El humor se ha convertido en una especie de vaca sagrada, un espacio en el que, más que en ningún otro, si algo no te gusta... te jodes y te aguantas (salvo cuando se trata de la Familia Real, claro). Pero, ¿todo vale para echarse unas risas? ¿Es realmente neutral este espacio?
¿Está bien que un dibujante, profesional del humor, haga gracia con cualquier cosa? ¿Y un profesor chistoso? ¿Y un presentador de noticias? ¿Y un madero que encuentra gracioso quemar cigarrillos en el cuello a los detenidos?
Parece evidente que no todo lo que uno considera gracioso sólo por ello debe ser aceptado. Y que, en ocasiones, el humor es sólo una tapadera para la propaganda de determinadas ideas y valores. En ocasiones por no decir siempre: porque nunca, ni cuando bromeamos, podemos dejar de ser nosotros mismos, con toda la carga de emociones, juicios y voluntades que ello conlleva. Entonces, si determinadas personas me parecen detestables, ¿por qué no me puede parecer detestable su sentido de humor?
Está la libertad de expresión, claro: si quiero que me dejen hacer mis bromas debo dejar a otros que hagan lo respectivo. Pero el caso es que la libertad de expresión es una ficción más de la democracia formal. Igualdad y libertad en el papel; desigualdad real en los derechos configurada por desiguales relaciones de poder. Los propietarios de los grandes medios de comunicación son los que dictan, en buena medida, hasta los chistes con los que nos reímos en el día a día.
Así que al defender la libertad de expresión formal no se nos debería olvidar que, ante todo, defendemos el derecho de los grandes empresarios a mantener su hegemonía en el discurso público. Con frecuencia, el derecho de los fuertes a reírse de los débiles.
Aún con todo… Yo me río casi de cualquier cosa. He llegado a reírme de auténticas burradas. Si un chiste es gracioso, pues es gracioso y punto.
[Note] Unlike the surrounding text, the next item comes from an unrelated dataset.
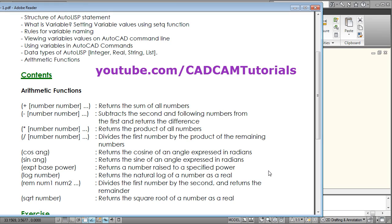From this tutorial we will start learning AutoLISP programming. In the previous video we have already seen what AutoLISP is and how to use it. In this tutorial we are going to cover these topics.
Lo que me importa más que el chiste en sí quizá sea quién lo cuenta y en qué contexto, y quién se ríe de él y por qué. Con un mismo chiste me puedo descojonar a más no poder con mis colegas, pero no con otras personas cuya risa sé que está envenenada, por ejemplo, por el racismo o por el desprecio hacia la mujer.
El chiste, quizá, se parezca en eso a un fusil: por un lado está su calidad, digamos, técnica, y por otra las manos en las que se encuentra y a dónde esas manos apuntan.
Y con esto enlazo con la cuestión a la que quería llegar: la importancia de distinguir entre el espacio privado y el espacio público en todo este asunto. Cuando “se dispara” un chiste en un ámbito privado, se sabe perfectamente cómo se va a interpretar. Se trata de una “explosión controlada”. Cuando se hace en una tira cómica, en una pantalla de televisión o en un aula, aún presuponiendo al emisor toda la buena intención del mundo (lo que ya es mucho presuponer) la audiencia no se controla. Lo que para unos es una broma sin más, para otros es una confirmación de sus prejuicios y estereotipos.
Actuar en un espacio público conlleva una responsabilidad. Es cualitativamente diferente de una conversación privada. Y no hay nada de hipócrita en ello: simplemente es ser consciente de a quién llega tu mensaje y de cómo lo puede interpretar.